[CELEBORN-2307] Support accurate disk usage accounting to HARD_SPLIT accurately.#3644
[CELEBORN-2307] Support accurate disk usage accounting to HARD_SPLIT accurately.#3644saurabhd336 wants to merge 15 commits intoapache:mainfrom
Conversation
|
Please create a jira to tag this pr @saurabhd336 |
|
@zaynt4606 I've created and attached the JIRA. Could you please help review / assign reviewers. Just for context, we have seen issues where the async nature of the disk usage update can delay HARD_SPLITs to the point where were completely run out of disk space. For our setup, this can lead to rather serious degradation. This config based feature will help us be more accurate with our disk usage accounting. cc: @s0nskar |
…ker heartbeat cycle for usable space updation
f957fdc to
2f0bc53
Compare
|
#3653 has already been merged, which fixes the core issue: when disk is full, returning The root cause described in #3653 is that Given #3653 already solves the core disk-full issue with a simpler fix, I'm not sure if the complexity introduced by this PR (thread-safety concerns in |
|
@RexXiong I agree #3653 helps with the disk limit breach problems. And yes there are overheads associated with this accurate disk usage accounting (CAS contentions across eventLoop / flush / sorter threads). For that reason I've put all of this behind a feature flag, disabled by default. We plan to enable this only for some very disk usage sensitive cluster (tier1 clusters) But happy to take feedback from others if they see value in having this accurate accounting. |
What changes were proposed in this pull request?
Often times, celeborn is too late in detecting diskfull issues simply because the DiskInfo's
usableSpaceis updated asynchronously in the worker heartbeat flow.In such cases, if heartbeats are missed and / or multiple highly large writers end up pushing too much data to memory buffers (bypassing the diskfull based HARD_SPLIT checks), it can cause severe degradation.
In some cases we've noticed that we easily breach the configured disk usage limit, causing job degradations, cleanup failures (due to rocksdb sharing the disk with shuffle data) which makes the situation even worse.
This change proposes a more realtime, coordinated acquisition during flush, making the disk full detection full proof preventing any spillage beyond the configured limits.

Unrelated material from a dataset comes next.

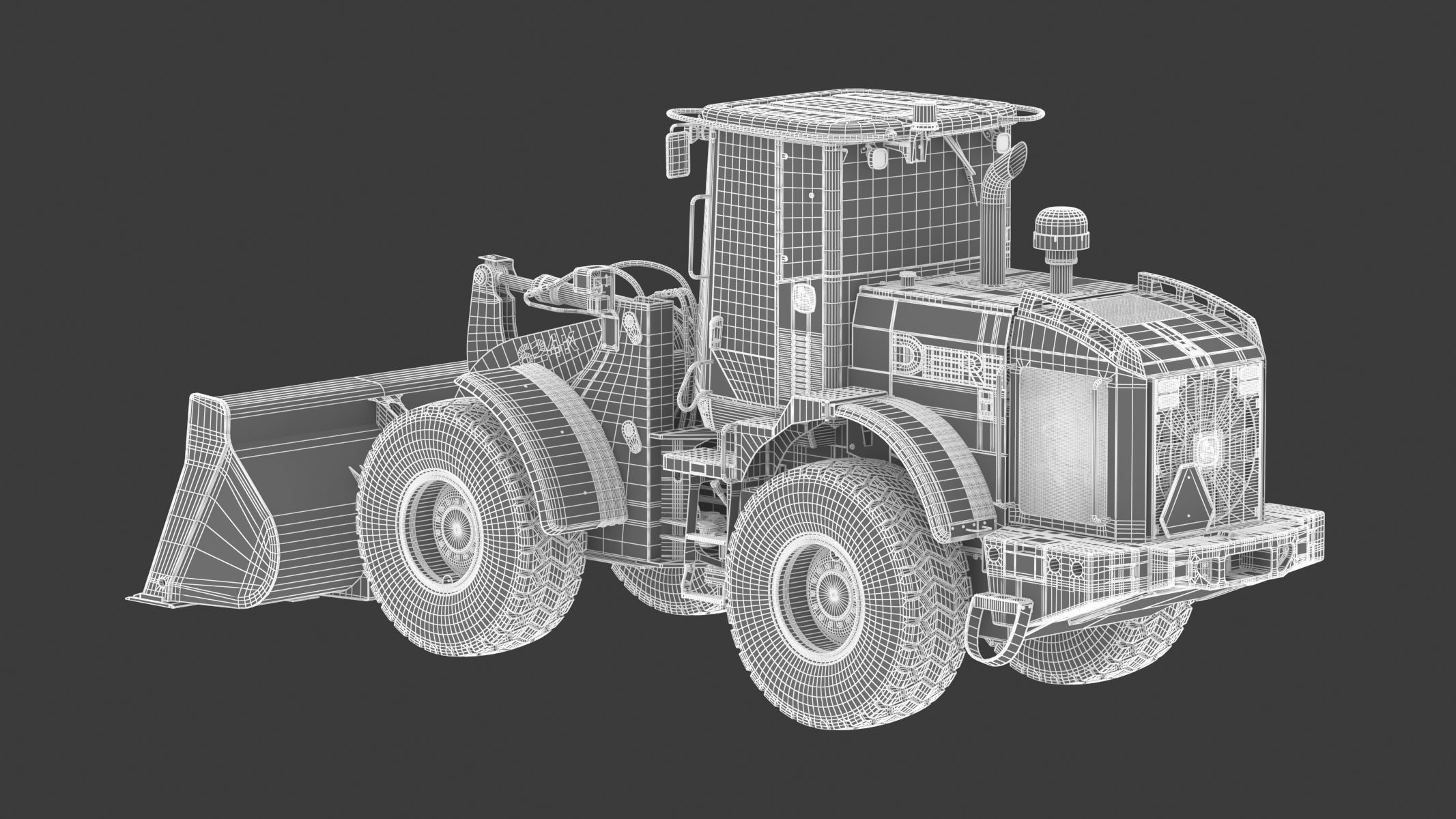 2010 John Deere 624K Wheel Loader 3D model_30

Additionally, when sorting partition files, currently the extra disk space used isn't accounted for at all. This PR also changes the logic to account for disk space used / reclaimed during the file sorting process.
Everything behind a new config
celeborn.worker.disk.storage.strictReserve.enabled, currently default set tofalse.Why are the changes needed?
Disk full detection is not full proof
Does this PR resolve a correctness bug?
No
Does this PR introduce any user-facing change?
No
How was this patch tested?
UTs added